GIAC Information Security Fundamentals (GISF)

This certification although a foundation level course is aimed more towards system administrators and others whose roles already have existing IT security responsibility.  The objectives of this certification are similar to CompTIA Security+ but take you further than terminology and concepts and confirm your qualification for hands-on IT security roles. Therefore it is strongly advised that candidates taking this course have developed problem solving skills and hands on experience whether lab based or from a commercial environment.

As you might expect the cost for this course is more than the likes of CompTIA Security+ but will line you up nicely for the intermediate level course GIAC Security Essentials (GSEC), although this is a significant step further up the security ladder.

(ISC)2 Systems Security Certified Practitioner (SSCP)

Widely regarded as the world leader in cyber security (ISC)2 developed the CISSP for those aiming for higher-end roles in information security with the SSCP being the entry level certification. 
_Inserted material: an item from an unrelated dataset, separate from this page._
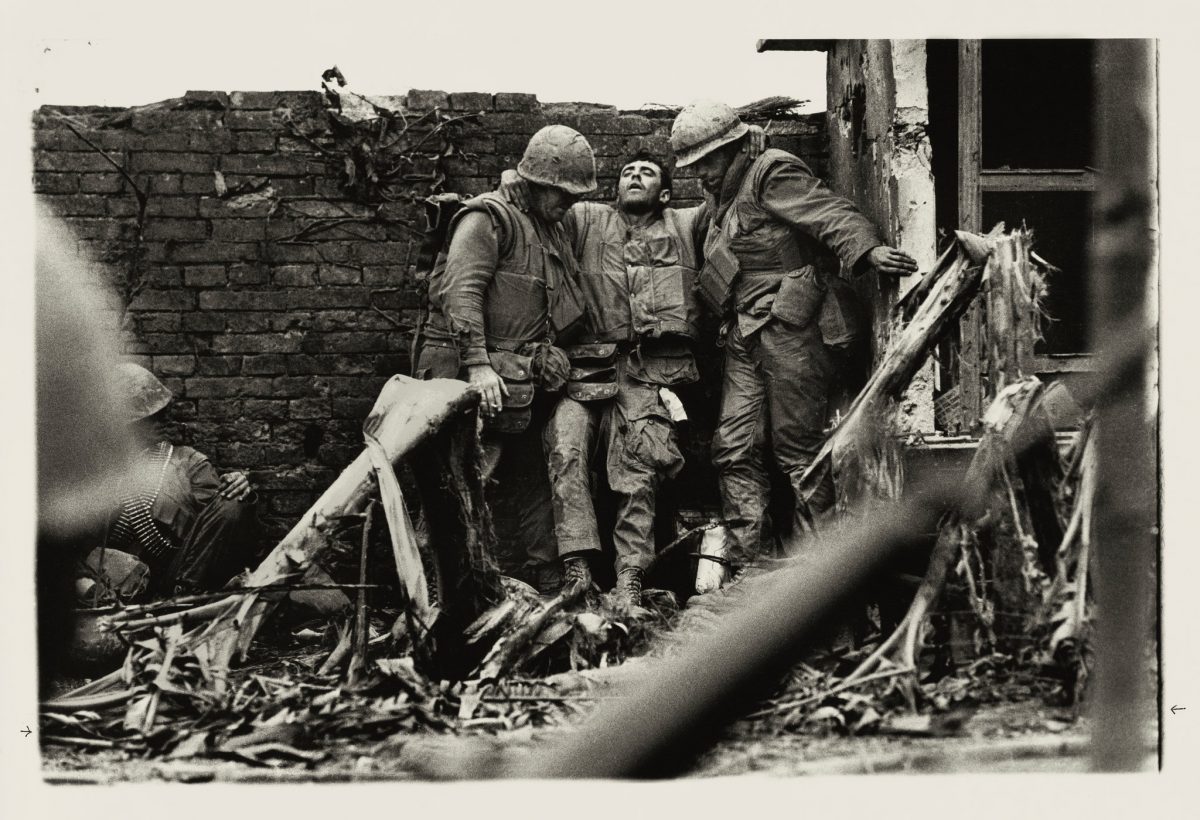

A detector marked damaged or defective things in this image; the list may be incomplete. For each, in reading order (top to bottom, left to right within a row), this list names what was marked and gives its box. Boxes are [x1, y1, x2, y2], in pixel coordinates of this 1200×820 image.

damaged brick wall [32, 89, 828, 548]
This course is normally taken by system auditors, system administrators, application programmers and project managers preparing for security centric roles such as security analyst, security engineer and security administrator, which begin at junior level in the main for those who don’t have technical IT or engineering experience.

To obtain SSCP certification there is one exam covering seven areas, or common bodies of knowledge (CBK), including access controls, security operations and administration, monitoring & analysis, risk response & recovery, cryptography, networks and communications security and malicious code and activity.
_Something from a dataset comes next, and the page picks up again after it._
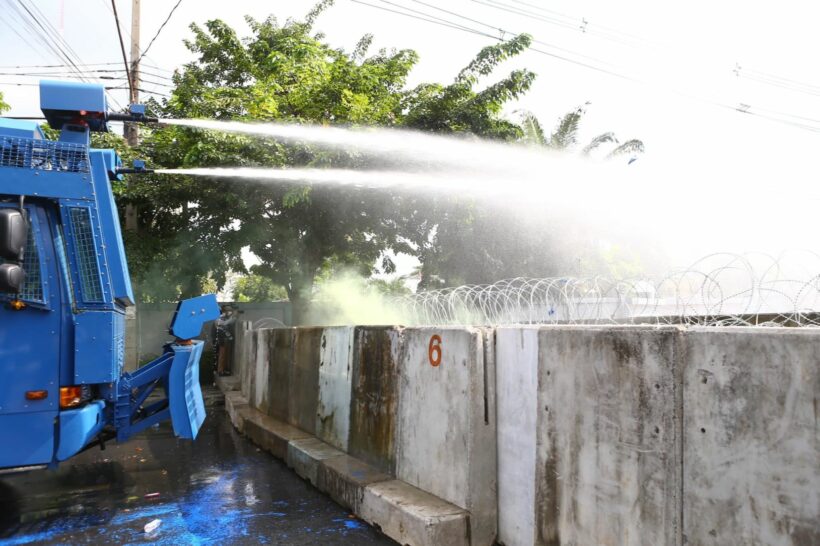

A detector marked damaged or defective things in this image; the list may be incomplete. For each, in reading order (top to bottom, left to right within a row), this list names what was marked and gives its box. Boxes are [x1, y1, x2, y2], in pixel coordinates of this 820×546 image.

To assist in preparation for the exam there is a range of training aids including training courses, WebEx’s, workshops and written material. We suggest you make use of all of them.

Exam preparation

There are different ways to study for all of these certifications, so choose the one that works for you, although formal instructor lead training will obviously carry significant extra cost compared to on-line alternatives. It is important to devote your time to self-study and don’t forget to look on-line at vendor websites to take advantage of the many study guides available.

Moving forward

Don’t think it stops there. In the last year the industry has seen massive security breaches suffered by global enterprises such as Facebook with over 80 million records breached, massive losses suffered and resulting in negative press. Although shocking this has highlighted the need for top level cybersecurity IT professionals and boosted the job market in this area.

When considering potential information security candidates businesses always look for certification along with experience as a key competence measure with CEH (certified ethical hacker), CISM (certified information security manager), CISSP (certified information systems security professional) and GSEC (SANS GIAC security essentials considered to be leaders in the field of information security today. So once you have established your career in cybersecurity with initial certification we advise that you keep studying with the aim of obtaining one of these.